> [Task to complete]:
Please reproduce the entries exactly as they appear below, but not the pictures.

───── Data to examine ─────

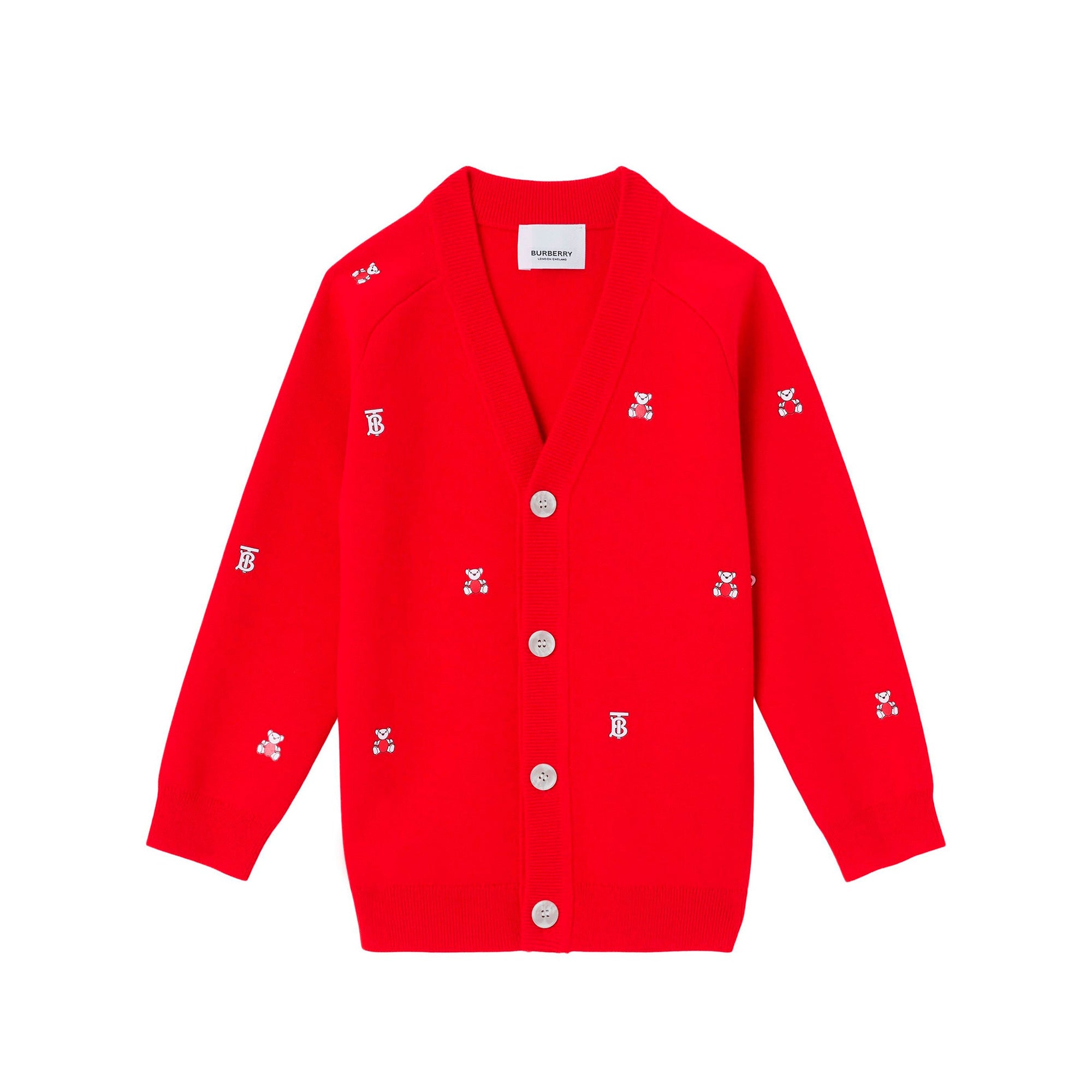 Cardigan en laine mélangée à imprimé ours Thomas - Bright Red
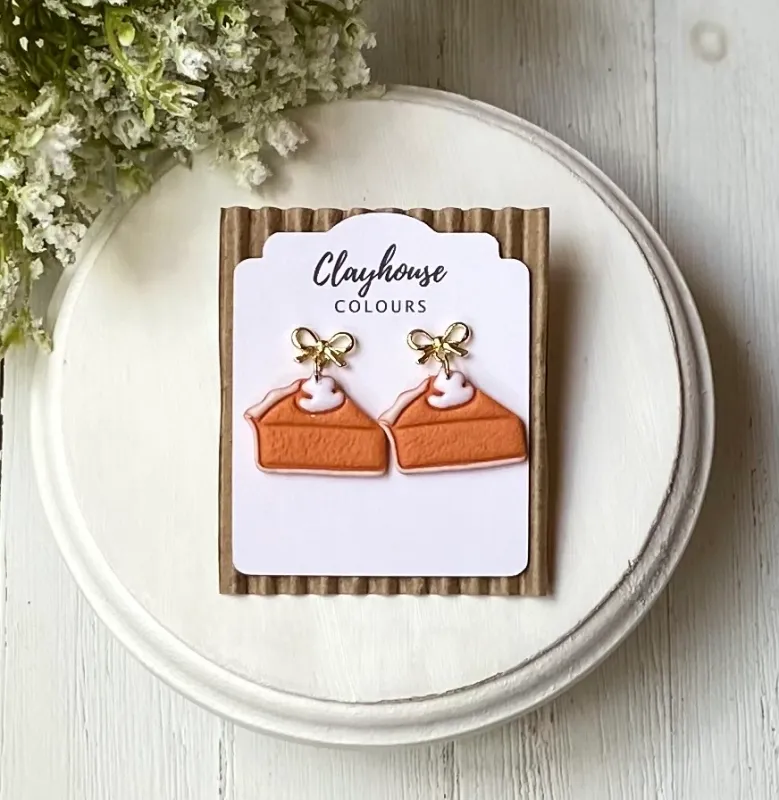 Pumpkin Earrings Pumpkin Pie with Bows Pumpkin Earrings Pumpkin Pie with Bows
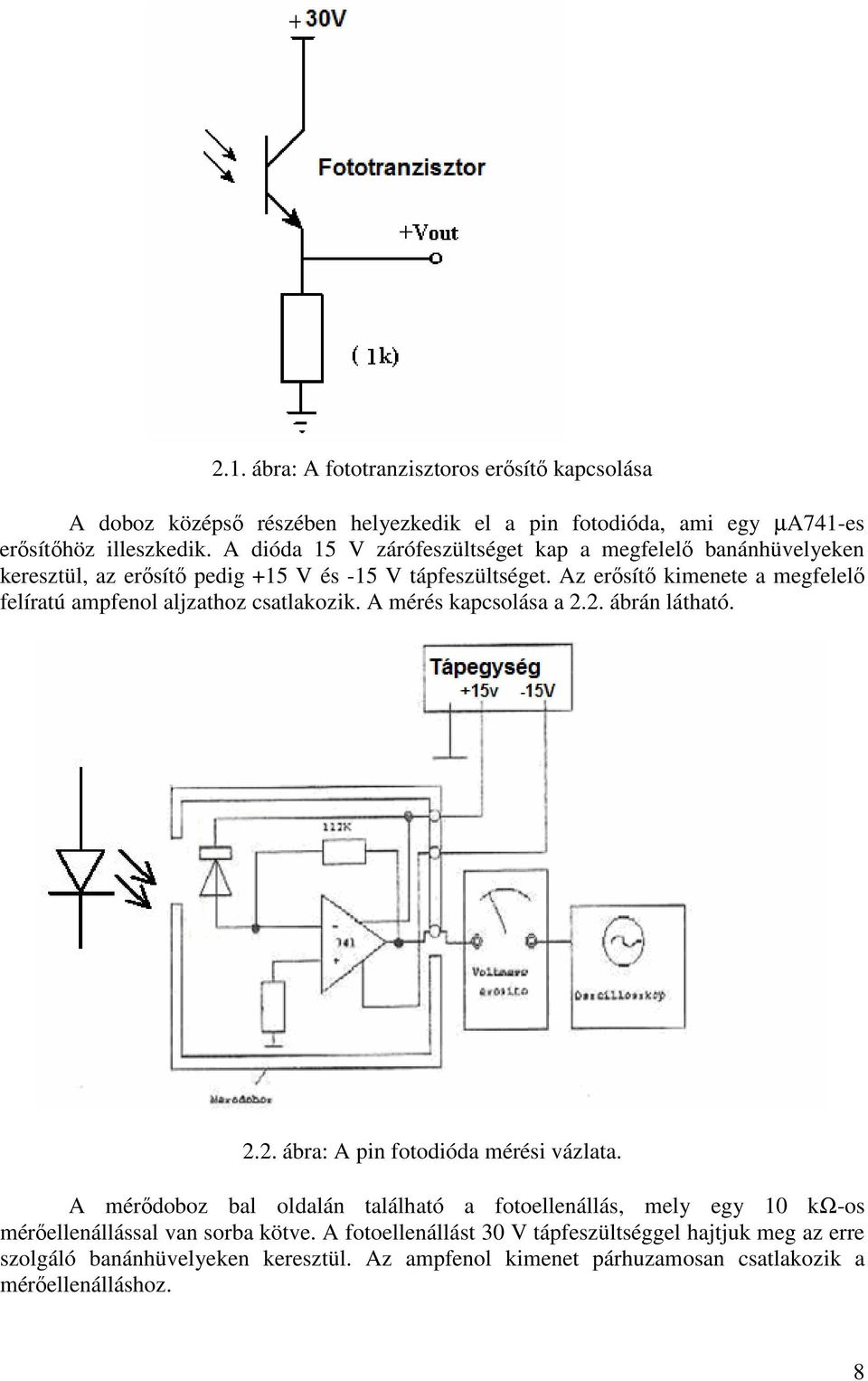 Az erősítő kimenete a megfelelő felíratú ampfenol aljzathoz csatlakozik. A mérés kapcsolása a 2.2. ábrán látható. 2.2. ábra: A pin fotodióda mérési vázlata.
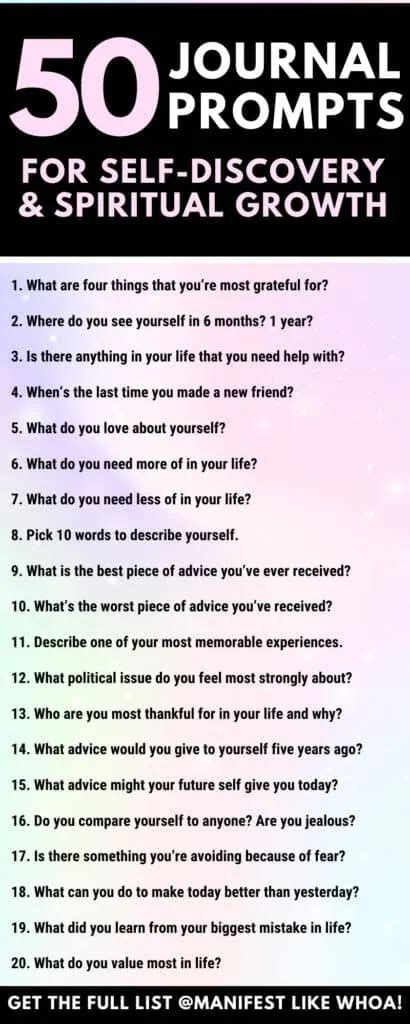 50 Journal Prompts For Self Discovery And Spiritual Growth Manifest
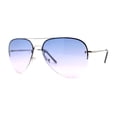 thumbnail image 1 of Half Frame Rimless Classic Air Force Officer Fashion Sunglasses Silver Blue Pink, 1 of 4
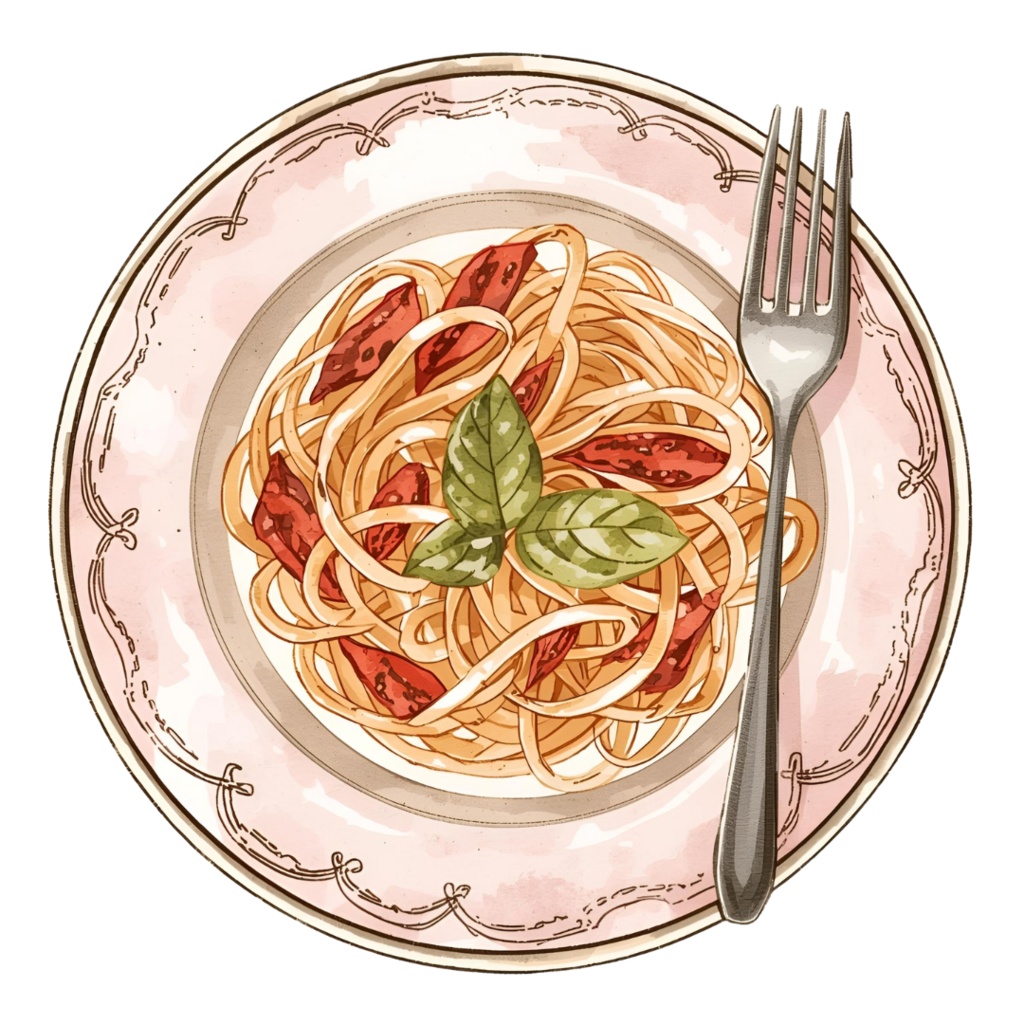 水彩画風クリーム&ピンク旅行シリーズ イタリア|アンティークで可愛いクリップアート12点セット【PNG】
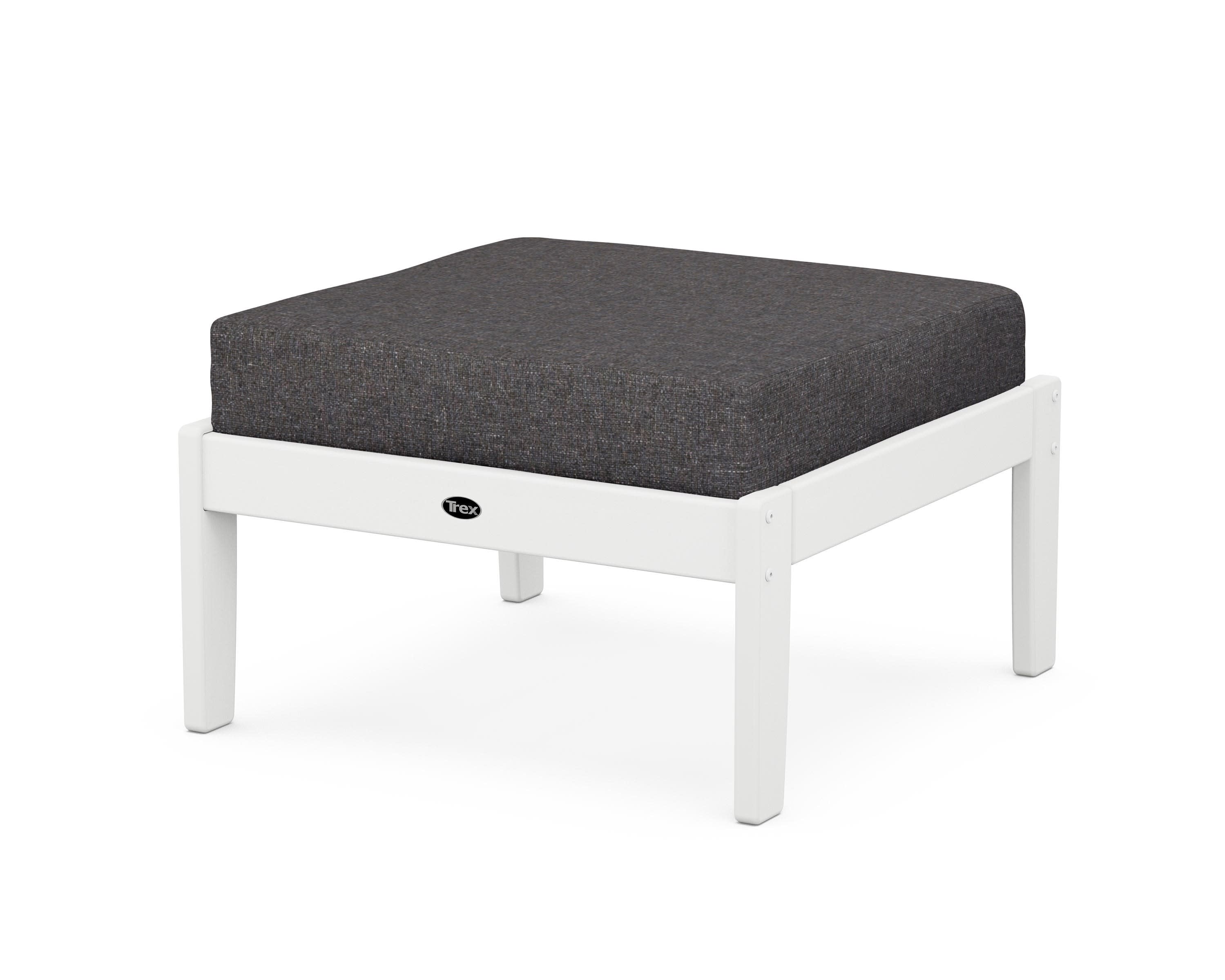 Yacht Club Deep Seating Ottoman in Classic White / Ash Charcoal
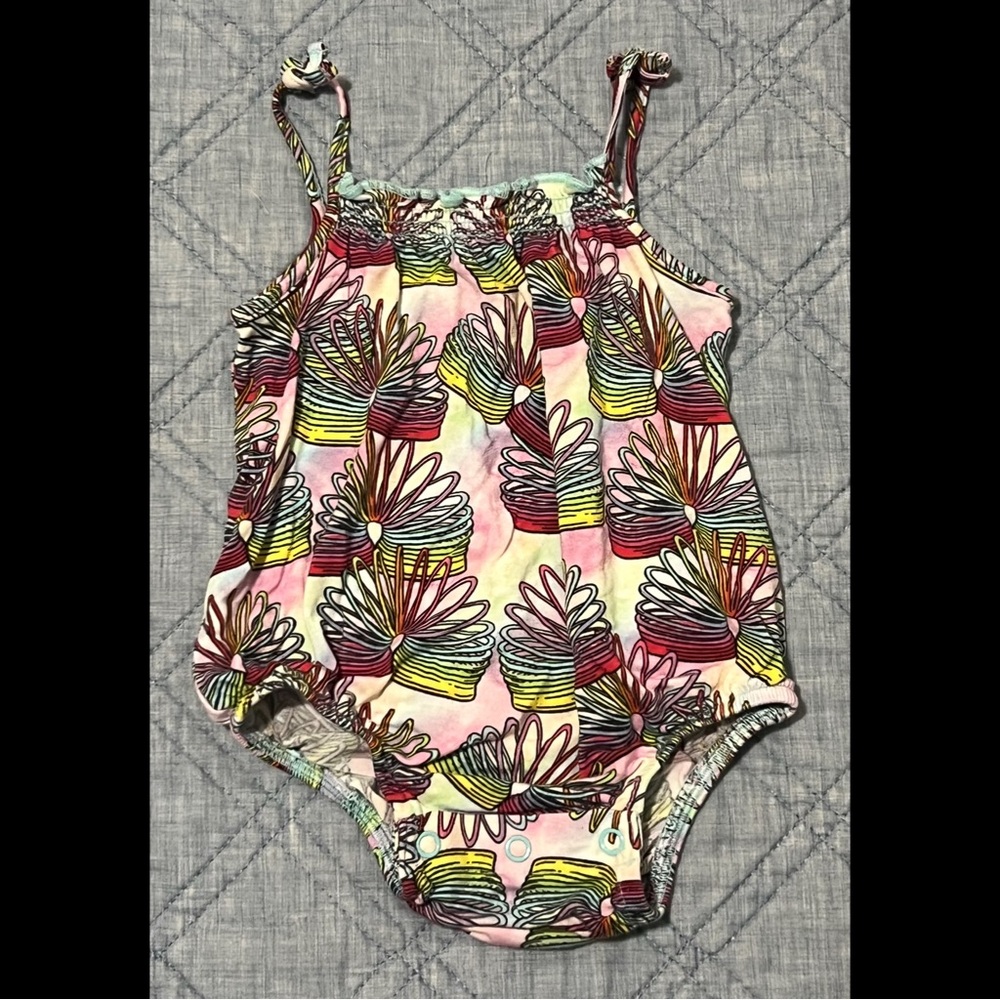 Posh Peanut Spaghetti Strap “90s Slinkies” Bubble Romper.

─────

> [Result below]:
 Cardigan en laine mélangée à imprimé ours Thomas - Bright Red
 Pumpkin Earrings Pumpkin Pie with Bows Pumpkin Earrings Pumpkin Pie with Bows
 Az erősítő kimenete a megfelelő felíratú ampfenol aljzathoz csatlakozik. A mérés kapcsolása a 2.2. ábrán látható. 2.2. ábra: A pin fotodióda mérési vázlata.
 50 Journal Prompts For Self Discovery And Spiritual Growth Manifest
 thumbnail image 1 of Half Frame Rimless Classic Air Force Officer Fashion Sunglasses Silver Blue Pink, 1 of 4
 水彩画風クリーム&ピンク旅行シリーズ イタリア|アンティークで可愛いクリップアート12点セット【PNG】
 Yacht Club Deep Seating Ottoman in Classic White / Ash Charcoal
 Posh Peanut Spaghetti Strap “90s Slinkies” Bubble Romper.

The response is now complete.